Saturday, January 31, 2015

softheaded checkers-players stay mad and mean-mugging outside chess tournaments...,

guardian |  Incensed by a report Iran would transfer most of it enriched uranium to Russia, conservatives in Tehran have levelled new criticisms against Iranian negotiators for not standing firm against United States’ demands over the nuclear programme.

The Associated Press news agency on 2 January, quoting two anonymous diplomats, claimed Iran had agreed in talks with world powers to send a large portion of its enriched uranium to Russia, presumably for processing into fuel for power generation. The conservative-aligned website Nuclear Iran, which covers the nuclear negotiations including their technical aspects, noted with alarm that exporting fissile material had previously been regarded as one of the country’s “red lines”. 

Critics of talks in Iran were not appeased by a denial of the AP story by Marzieh Afkham, spokeswoman of the foreign ministry, especially as she did not comment on whether the US had suggested such a transfer during the talks.

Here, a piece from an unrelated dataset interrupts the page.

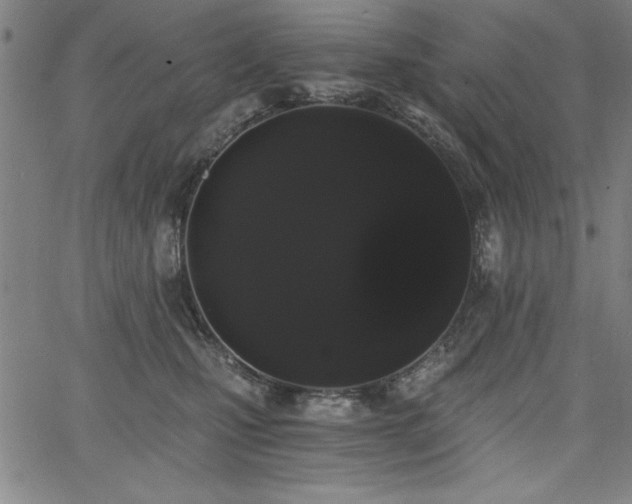 X0000068300471200604211142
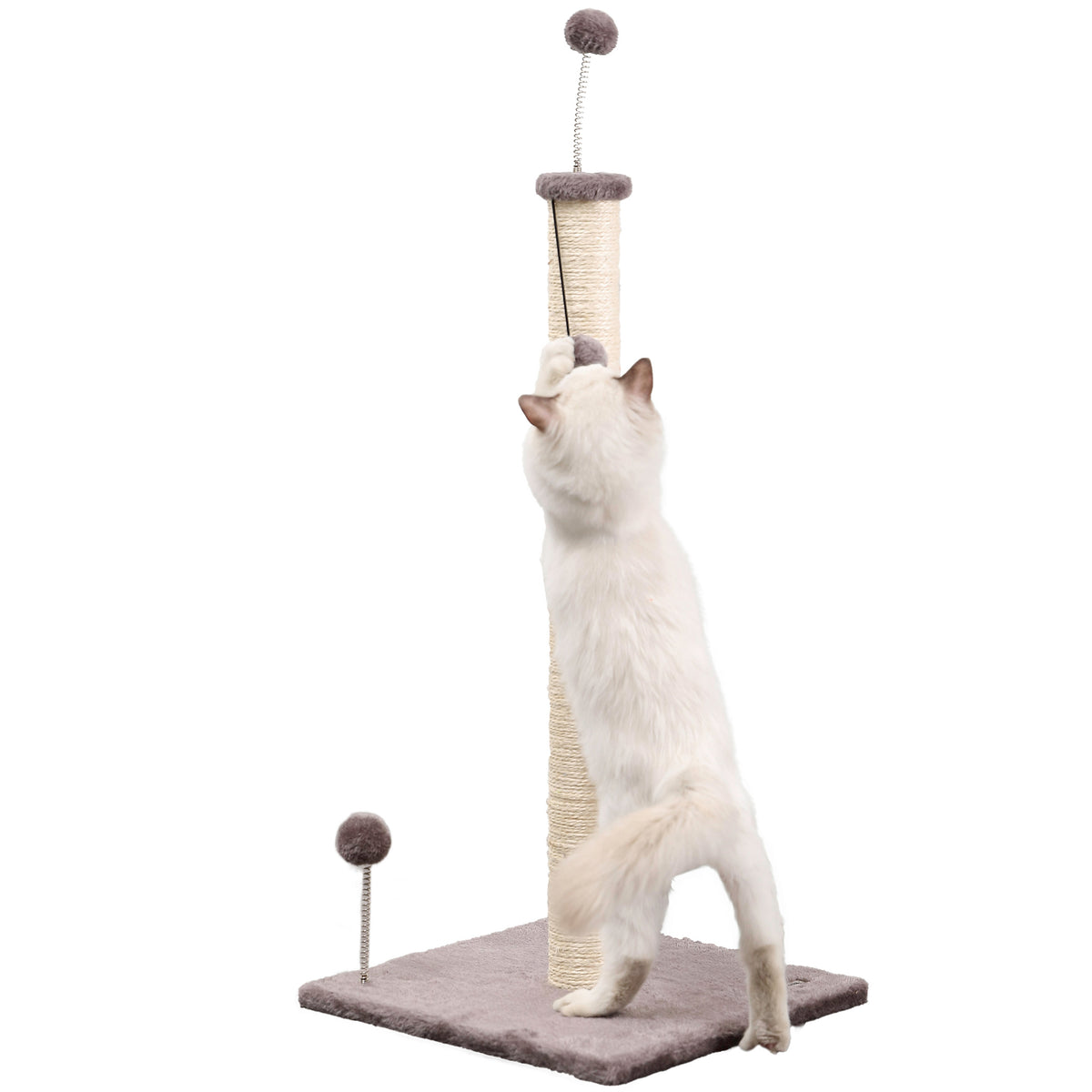 Rylie Cat Scratcher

Two days after the AP report, in an interview with the conservative website Raja News, parliamentary deputy Javad Karimi Ghoddousi claimed the Americans had presented an eight-page set of proposals that the Iranian negotiators considered “the worst yet”. Karimi Ghoddousi said deputies had questioned members of Iran’s negotiation team, and while he did not explicitly say he had been given details by one of the Iranian team, readers of Raja News would know that Karimi Ghoddousi is a member of the parliament’s national security and foreign policy commission, which often has confidential briefings with negotiators, including Mohammad Javad Zarif, the foreign minister.

Among the demands the Americans had made, said Karimi Ghoddousi, backing up the AP story, was the export of Iran’s enriched uranium (which is enriched to under 5%, Iran’s 20% enriched uranium, nearer to weapons grade, has been diluted or converted under the 2013 Geneva interim nuclear agreement) to a third party, which they suggested should be Russia.